Me realizing how much money I’ve paid Squarespace since 2013
And when I say “no time” I mean about three months, apparently? I started putting this site together in May (on a plane) and worked on it sporadically. Now it’s August, and I will not get billed by Squarespace again.
So welcome to my new website!
I thought it’d be fun to see what goes into coding a portfolio site and what I could do with it. I probably spent the majority of my dev time on the lightbox component, which I’m sure could’ve been engineered a little more efficiently, but whatever! I think it’s a pretty slick experience, and I’ll improve on the code over time. Will add support for swipe gestures and arrow keys later on.
This site is hosted on Github Pages, built with Jekyll/Liquid, and runs on HTML5, SCSS, and jQuery (thanks Google ajax). Every single line of code was lovingly written by yours truly, utilizing an incomplete version of a very, very simple framework/component library I’ve been putting together at Adaptiva. You can see all the code in my Github repo.
I prioritized performance and efficiency throughout the codebase. HTTP requests are kept to a minimum, images are lazy loaded after the DOM, and the lightbox images aren’t loaded until they’re needed and are sized responsibly (surprisingly rare in portfolio sites.) I even made a solid effort at keeping nesting to a reasonable minimum in my stylesheets to avoid inefficient compilations to CSS.
Plus, since this a statically generated site being served over a CDN (thanks Cloudflare ), it’s inherently fast as hell. Performance-minded dev can only help to improve on that speed.
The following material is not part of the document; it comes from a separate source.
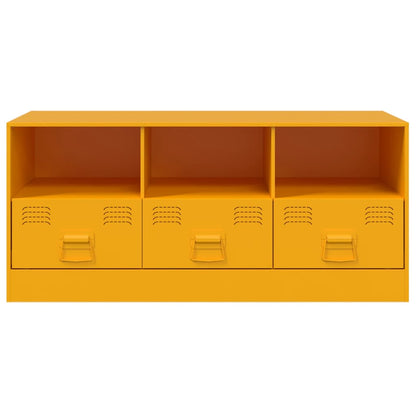Móvel de TV aço amarelo mostarda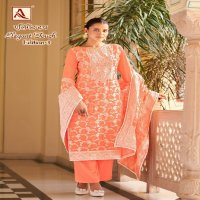 Alok Elegant Touch Vol-3 Wholesale Cotton Dyed With Thread Work And Swarovski Diamond Dress Material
This is also somewhat of a clean slate for me. At this point in my life, I feel like I can put up only the work that I like, rather than work I think might get me hired for something. I can write whatever and whenever I want in this journal/blog thing, so I think I’ll do just that.
I’ll post new work here if I’m particularly stoked about it, and I’ll post random thoughts, sketches, life updates, and whatever else I feel like sharing here, too. I have ideas for some content I’d like to create, and being able to code a custom interface to host it would be nice.
Idk, maybe I’ll add a subscription component to this journal if I actually use it enough. Baby steps.